I wonder why they called it a "1st gen"...


----------



## Lochran (Jul 29, 2011)

maybe they put the wrong picture


----------



## RafaelChan (Jul 30, 2011)

its the Dayan Zhanchi prototype version


----------



## minime12358 (Jul 30, 2011)

Yah, most likely without torpedoes.
Once I get my stock in, I hopefully will be selling them for around that price. (that is, with torpedoes )


----------



## cubernya (Jul 30, 2011)

If it's the prototype then basically it's an anchorless ZhanChi


----------



## Clayy9 (Jul 30, 2011)

No, there are torpedoes with it. Look at the left-hand side of the first picture.


----------



## Cheese11 (Jul 30, 2011)

This is completly legit, RafealChan is right, it's the prototype version. But I heard that those arn't any different. I don't see why anyone would buy this when the consumer version is only $13.00 on Cube Depot (http://www.cubedepotusa.com/apps/webstore/products/show/2523032)


----------



## Clayy9 (Jul 30, 2011)

I'm still confused. The first Zhanchi prototype didn't have torpedo-pieces. In the provided picture, there are. If this is the second prototype, then why is it called "1st gen"?


----------



## Lochran (Jul 30, 2011)

Clayy9 said:


> I'm still confused. The first Zhanchi prototype didn't have torpedo-pieces. In the provided picture, there are. If this is the second prototype, then why is it called "1st gen"?



I totally agree with u


----------



## Bapao (Aug 5, 2011)

The 1st gen prototype doesn't have the DaYan logo on the center caps, this does. Somethings fishy here...
Wonder why the other dealers haven't started raging yet like they normally do? 
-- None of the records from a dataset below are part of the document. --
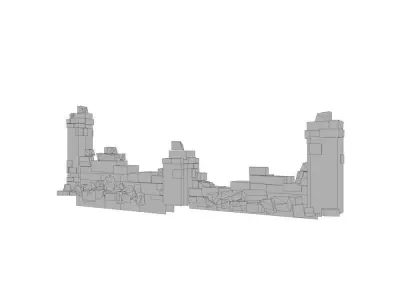 Ruined Wall Low-poly 3D model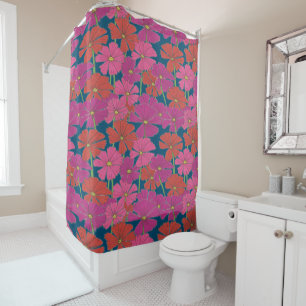 Bushel of Bright Cosmos Shower Curtain
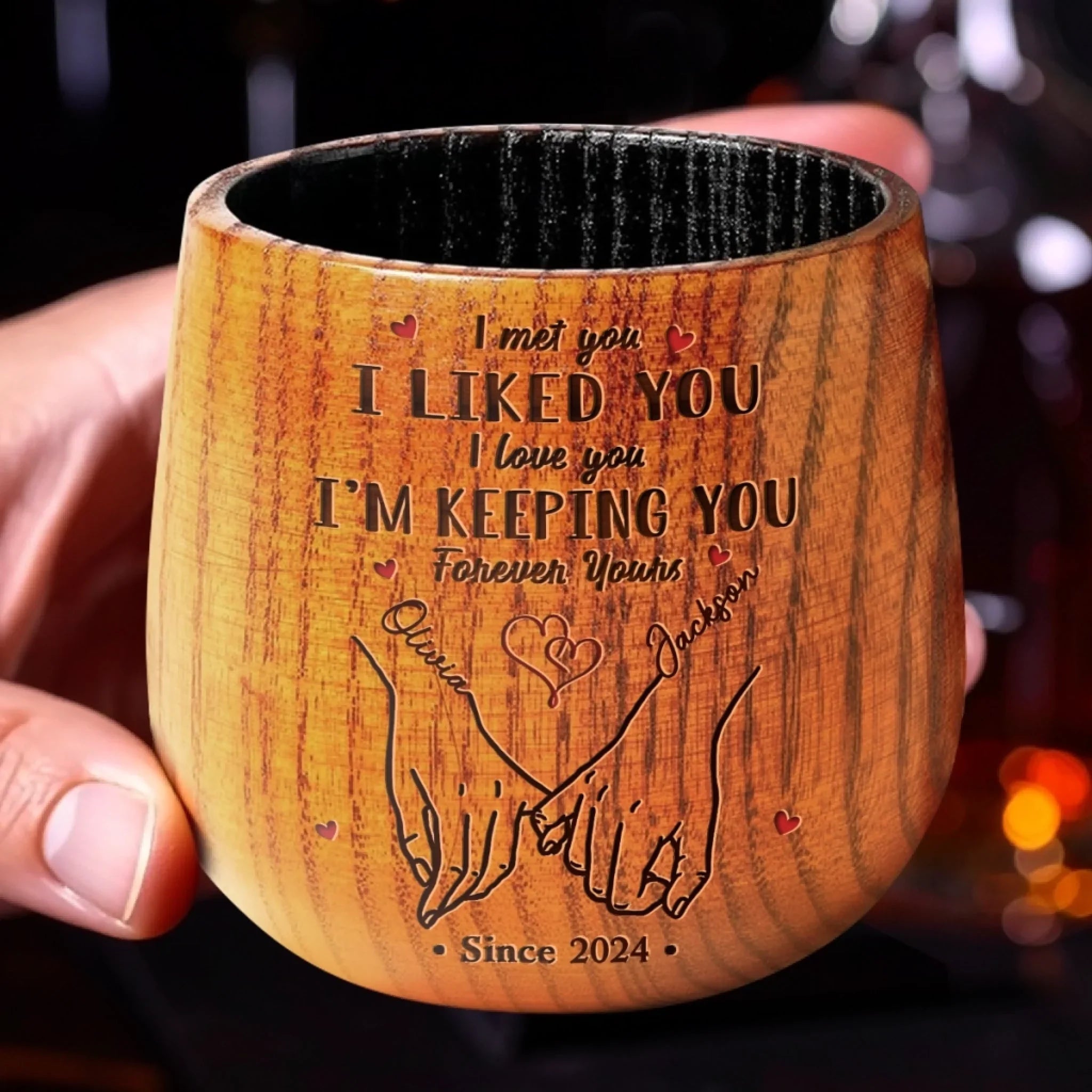 Just Us, Side By Side - Couple Personalized Custom Wooden Whiskey Glass - Gift For Husband Wife, Anniversary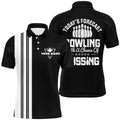 Black White Retro Bowling Polo Shirts For Men Custom Today'S Forecast Bowling With A Chance Of Cussing, Personalized Bowling Team Shirt
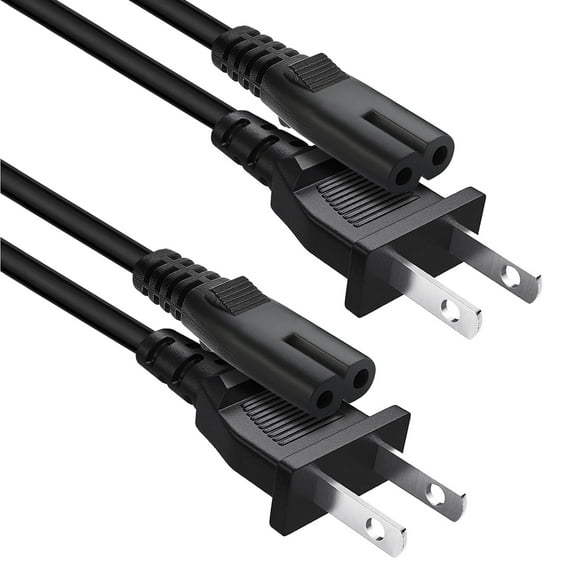 2 Pack 2 Prong Power Supply Cable Cord for TCL Roku Smart LED LCD HD TV 24" 32" 40" 42" 43" 48" 50" 55" 60" 65" 75" 85" Inch TV- TCL Roku TV Replacement PS4 PS5 PS3 Xbox One AC Power Cable 3 FT Plug A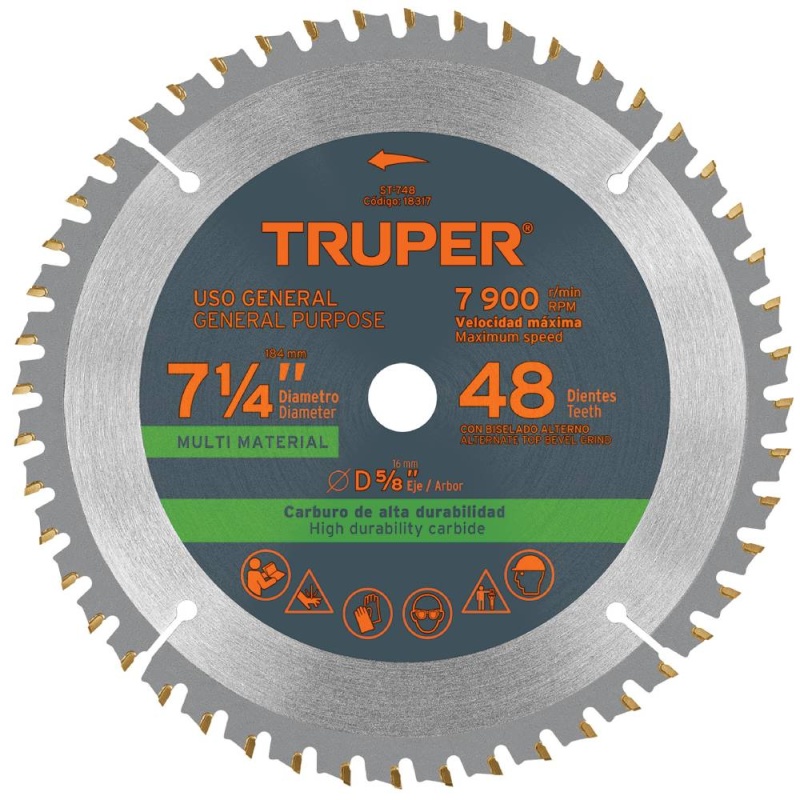 Disco de Sierra 7-1/4" Multimaterial 48 D Truper 18317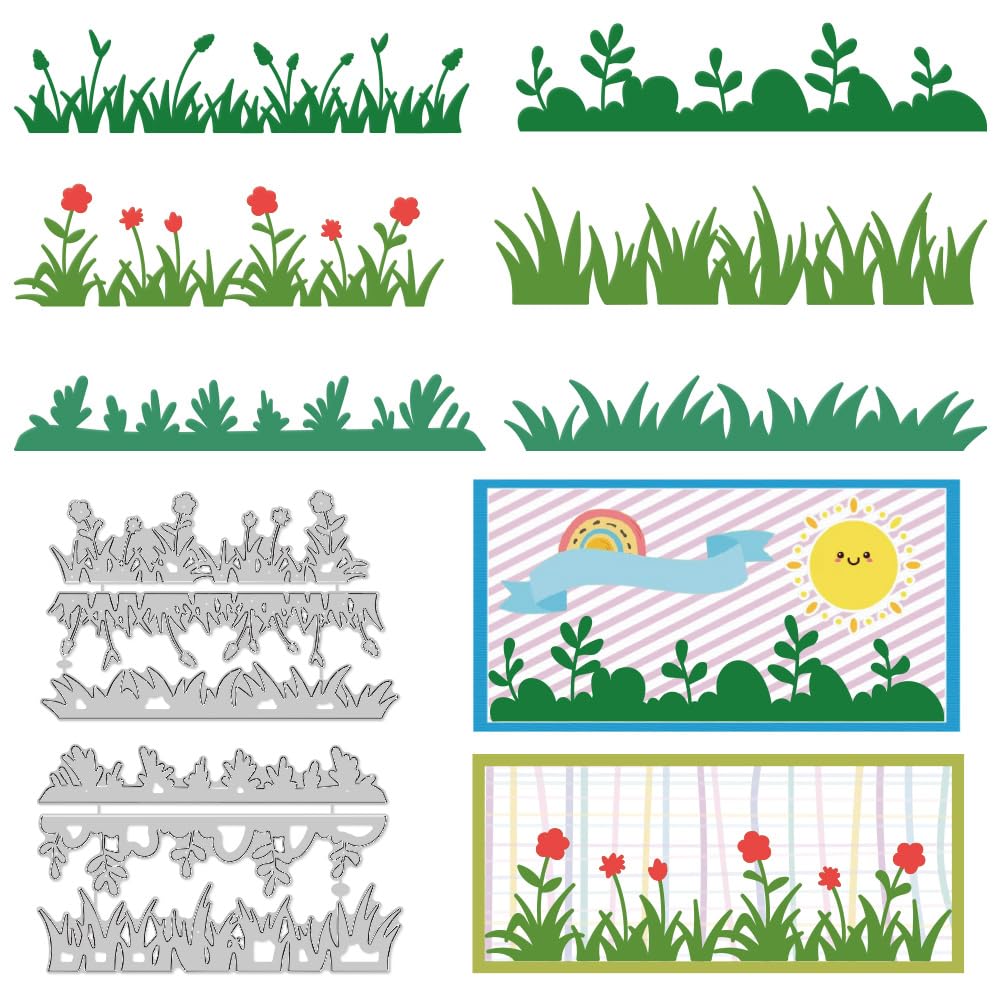 DELORIGIN Grass Edge Cutting Dies Grass Card Making Die Stencil Metal Die Cuts Card Scrapbooking Embossing Template Dies for Greeting Cards Birthdays Craft Paper Album Invitation Festive Decor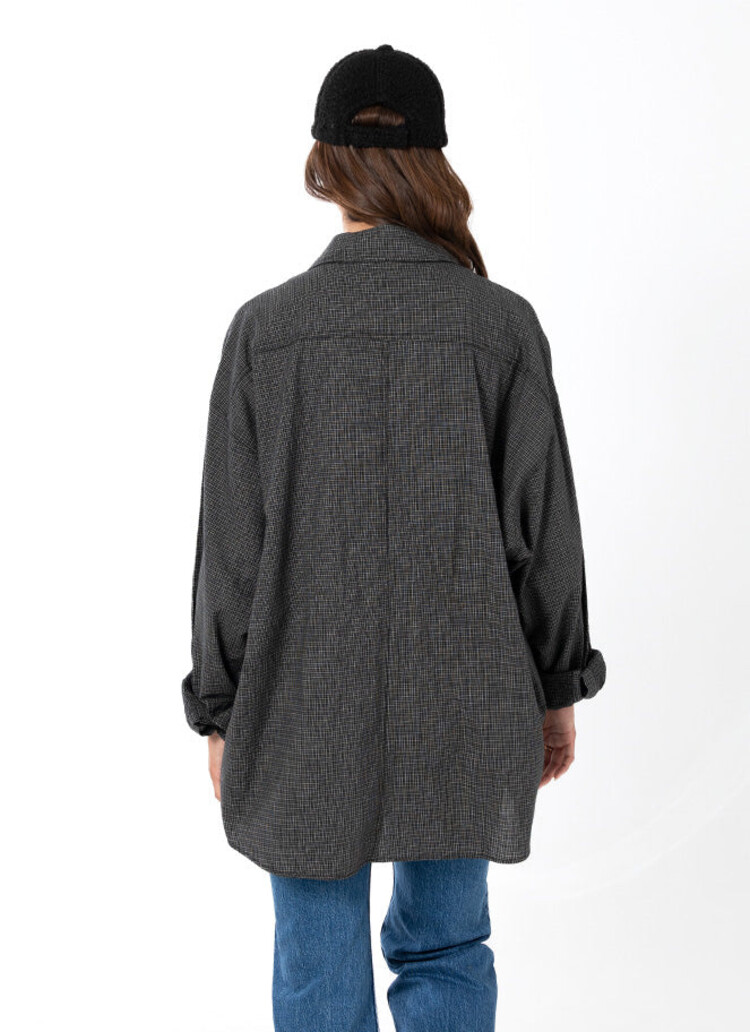 C'est Moi C'est Moi Check Pattern Oversized Blouse | Black | One Size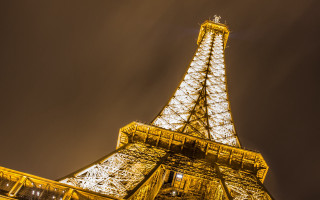 Eiffel tower night sunset clouds - the eiffel tower free wallpaper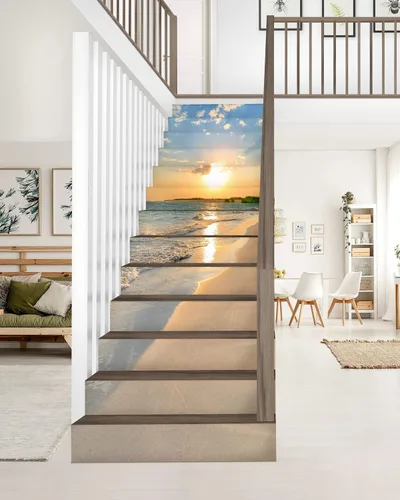 Miniatura 3 de FLFK Calcomanías para escaleras - Adhesivos para escaleras, Calcomanías autoadhesivas para escalones de Sunrise Coast, para decoración del hogar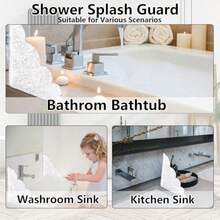 SKKRERemovable Shower Splash Guard For Bathtub 2Pack Shower Water Splash Guard Bathtub Splash Guard Shower Guards To Keep Water In Shower Bath Tub Splash Guard For Walk In Shower SelfAdhesive Waterproof2f2f - as pic - View 3
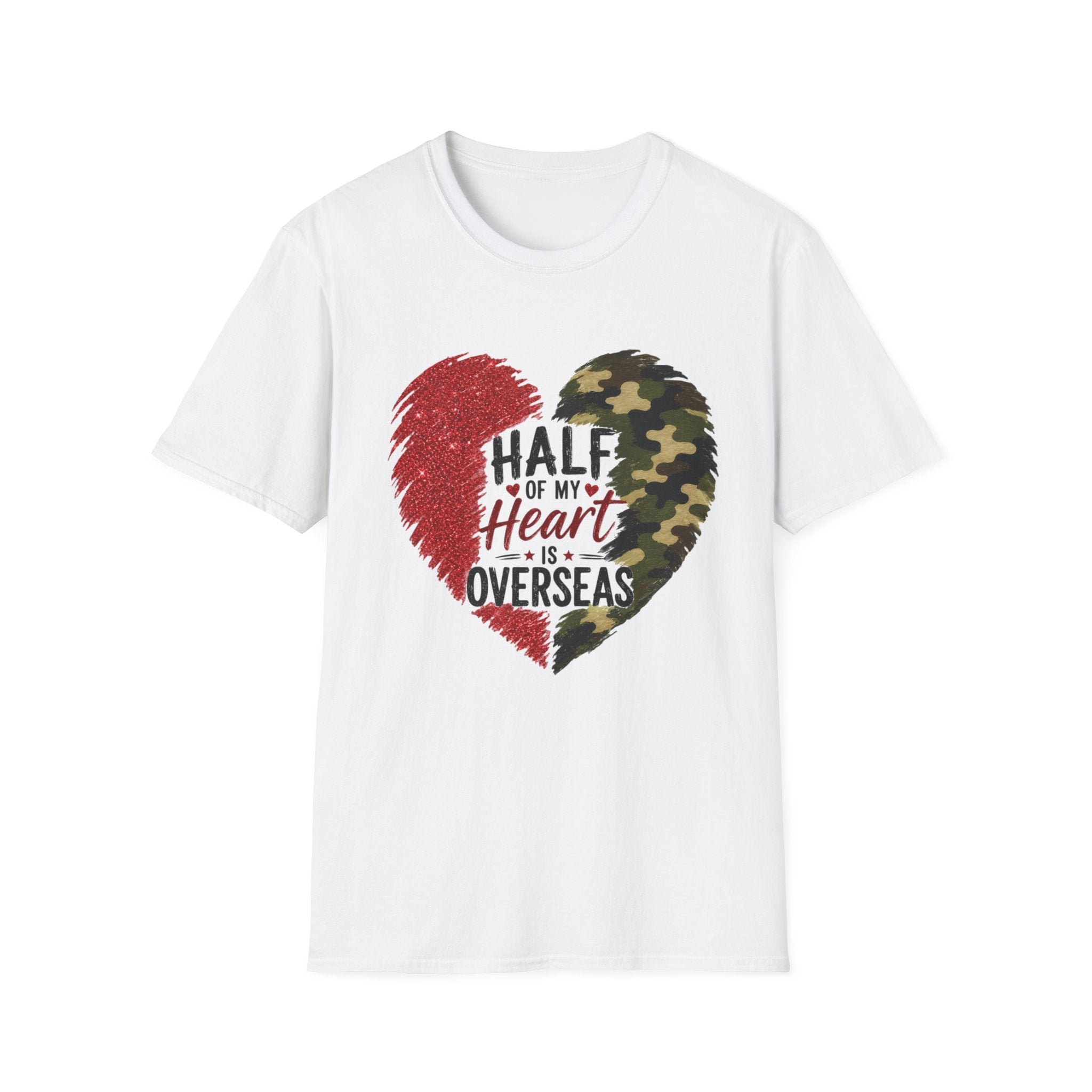 Half My Heart Is Overseas Camo and Red Heart T-Shirt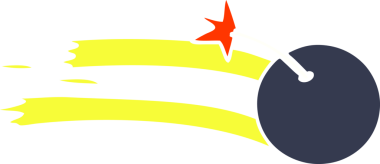 Bir insan tarafından çizilmiş bir bombanın el çizimi karikatürü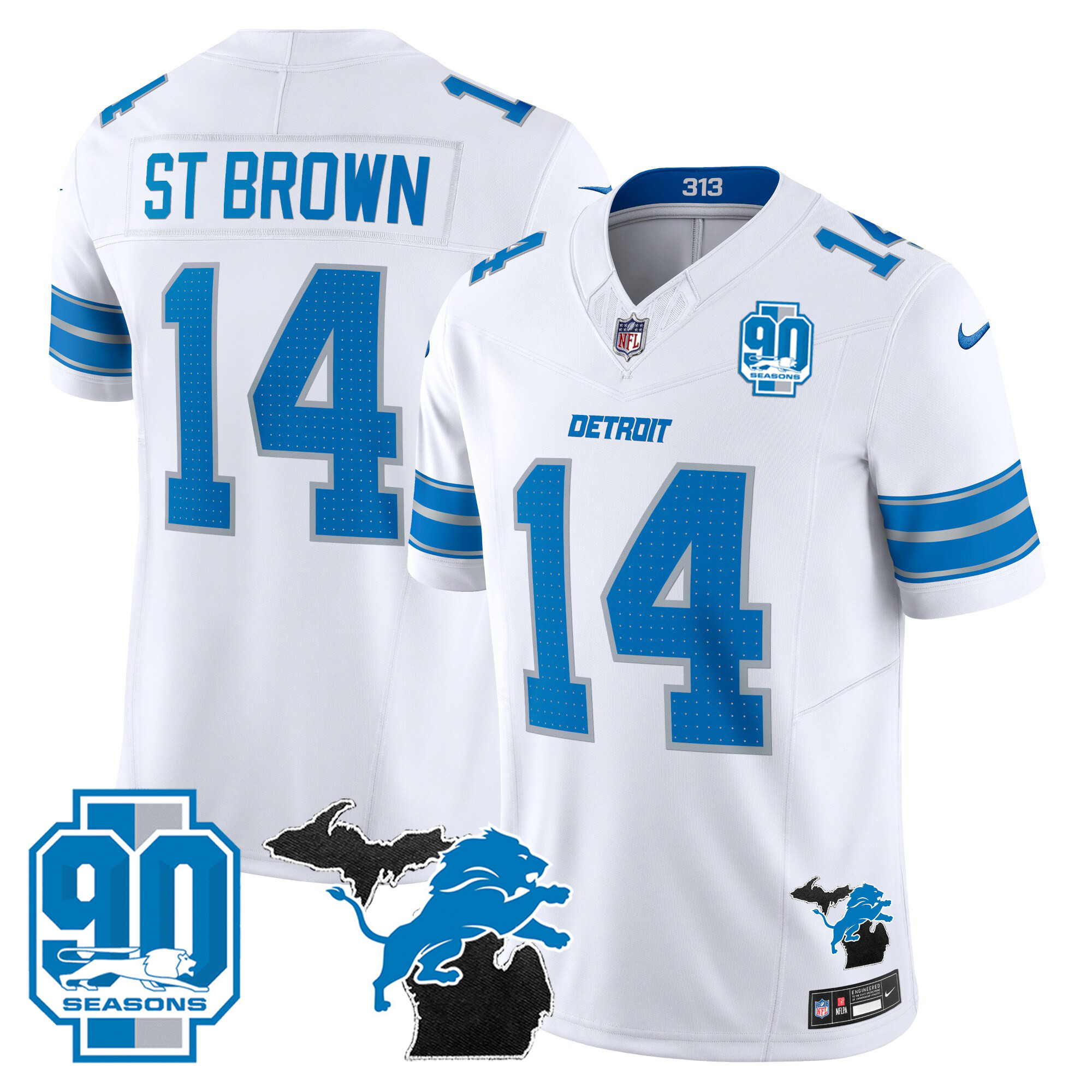 Men's Detroit Lions 2025 Michigan & 90th Year Patch Vapor Jersey - All Stitched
Sorry for bumping this btw.


----------



## HelpCube (Aug 5, 2011)

it says 3x3x3 Dayan V ZhanChi.... and the pictures have torpedos. this is a zhanchi lol.


----------



## Clayy9 (Aug 6, 2011)

After asking about it, they have re-named it. Now you might know what it is.


----------



## mazter2010 (Sep 8, 2011)

I paid 15USD for my zhanchi, and I got a lingyun -.-


----------



## Goosly (Sep 8, 2011)

Nice bump


----------